Stored dataset items:

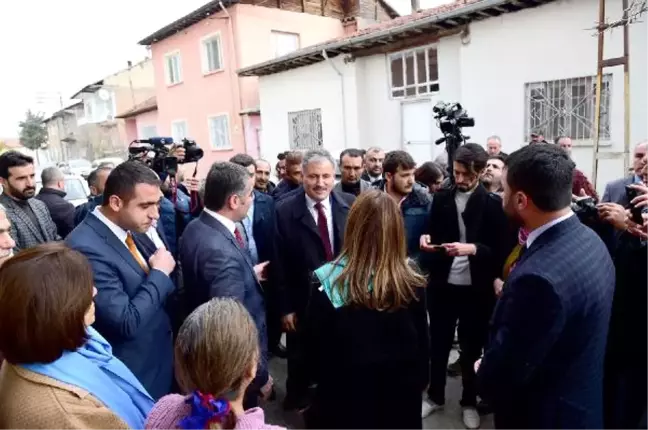 Malatya'da Alevilerin Evlerine Atılan Çarpılara Kınama (2)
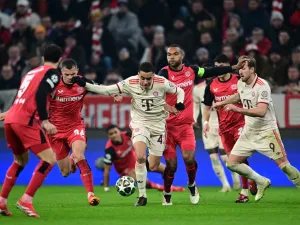 Bayer Leverkusen vs Bayern Munich in the 2024-25 UEFA Champions League 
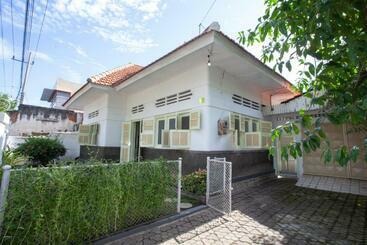 Turista apartmanok Kallista Homestay
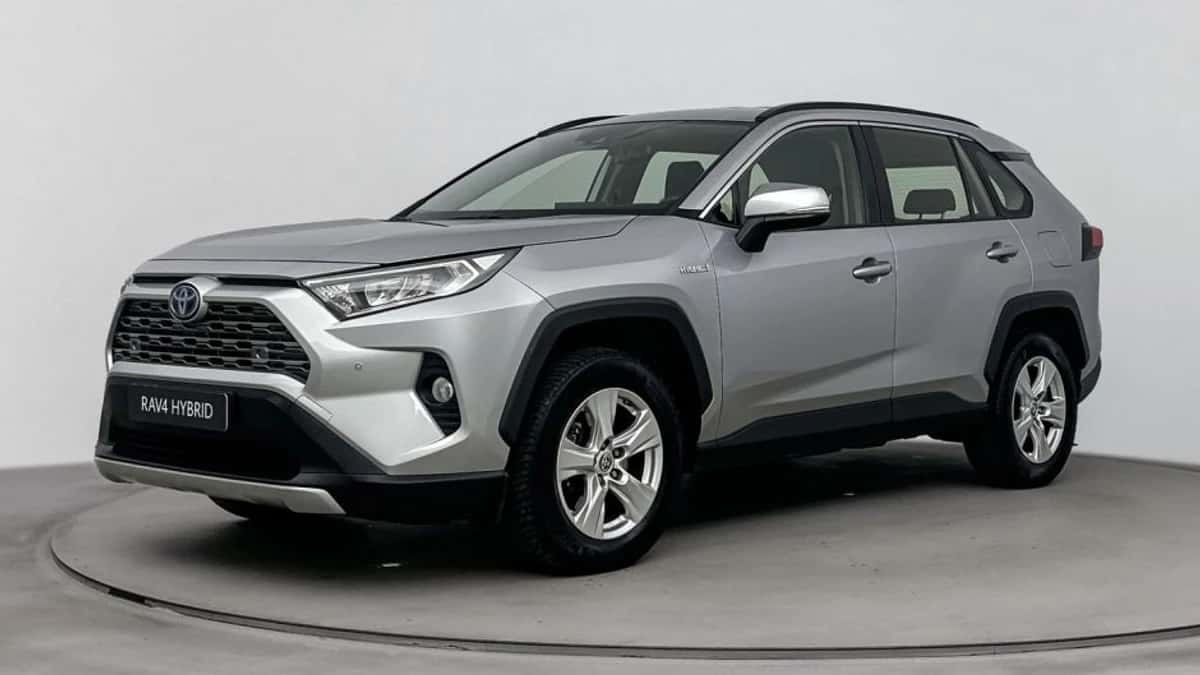 Toyota RAV4 (2021) — foto 1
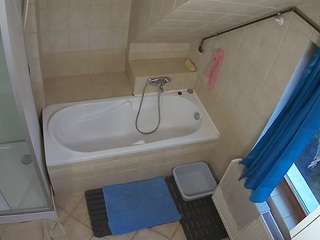 Julmodels Bathroom 2nd Floor-1
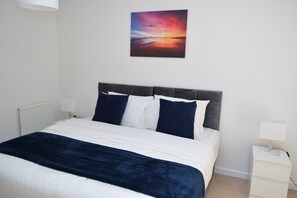 5 habitaciones, tabla de planchar con plancha y wifi gratis
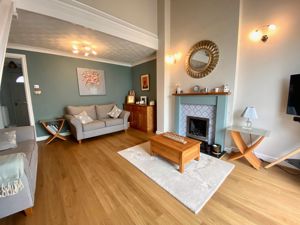 Lounge/Diner- click for photo gallery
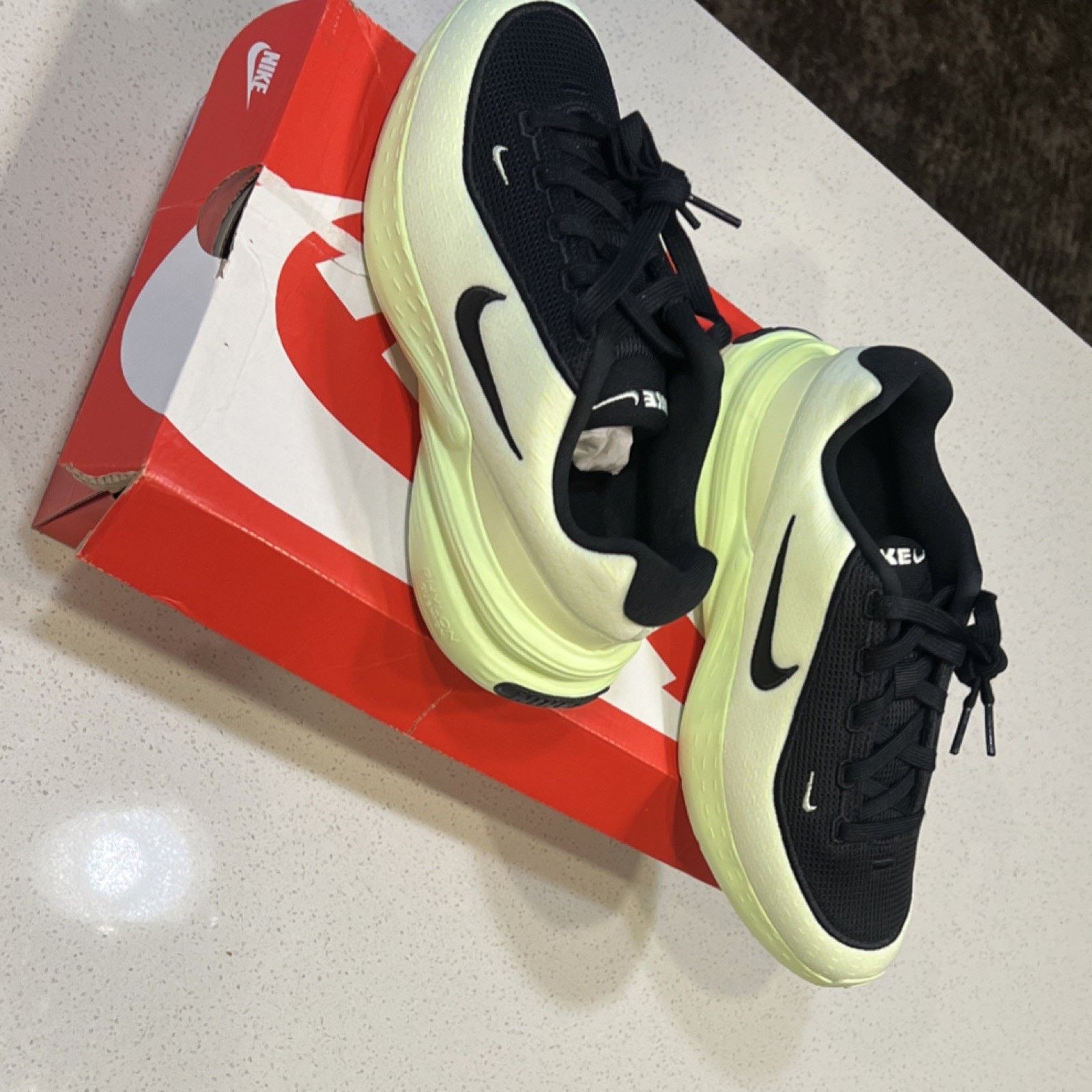 Nike Nike Uplift SC (GS) Black Barely Volt Youth Athletic (SZ 6Y) Size US 8 / IT 38 - 5 Thumbnail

• Aim of the exercise: Leave out the pictures, and retype exactly the lines from the one containing "5 habitaciones, tabla" through the final line of the data.

• Task output:
 5 habitaciones, tabla de planchar con plancha y wifi gratis
 Lounge/Diner- click for photo gallery
 Nike Nike Uplift SC (GS) Black Barely Volt Youth Athletic (SZ 6Y) Size US 8 / IT 38 - 5 Thumbnail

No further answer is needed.